#### Task description:
Everything in the records except the pictures must be copied out exactly.

+-------+

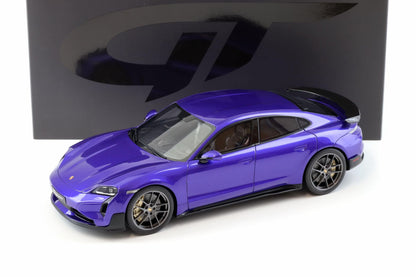 GT Spirit 2023 Porsche Taycan Turbo GT Purple Sky Metallic 1:18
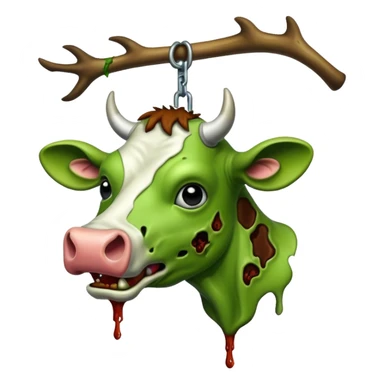 zombie cow  sticker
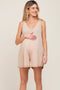 Taupe Rounded V-Neck Sleeveless Maternity Romper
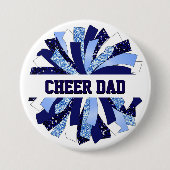 Cheer Dad Button Pin (Voorkant)
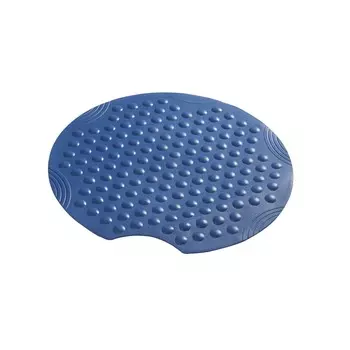 Коврик противоскользящий Ridder Tecno синий см D 55 см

+-------+

#### Response for this exercise:
 GT Spirit 2023 Porsche Taycan Turbo GT Purple Sky Metallic 1:18
 zombie cow  sticker
 Taupe Rounded V-Neck Sleeveless Maternity Romper
 Cheer Dad Button Pin (Voorkant)
 Коврик противоскользящий Ridder Tecno синий см D 55 см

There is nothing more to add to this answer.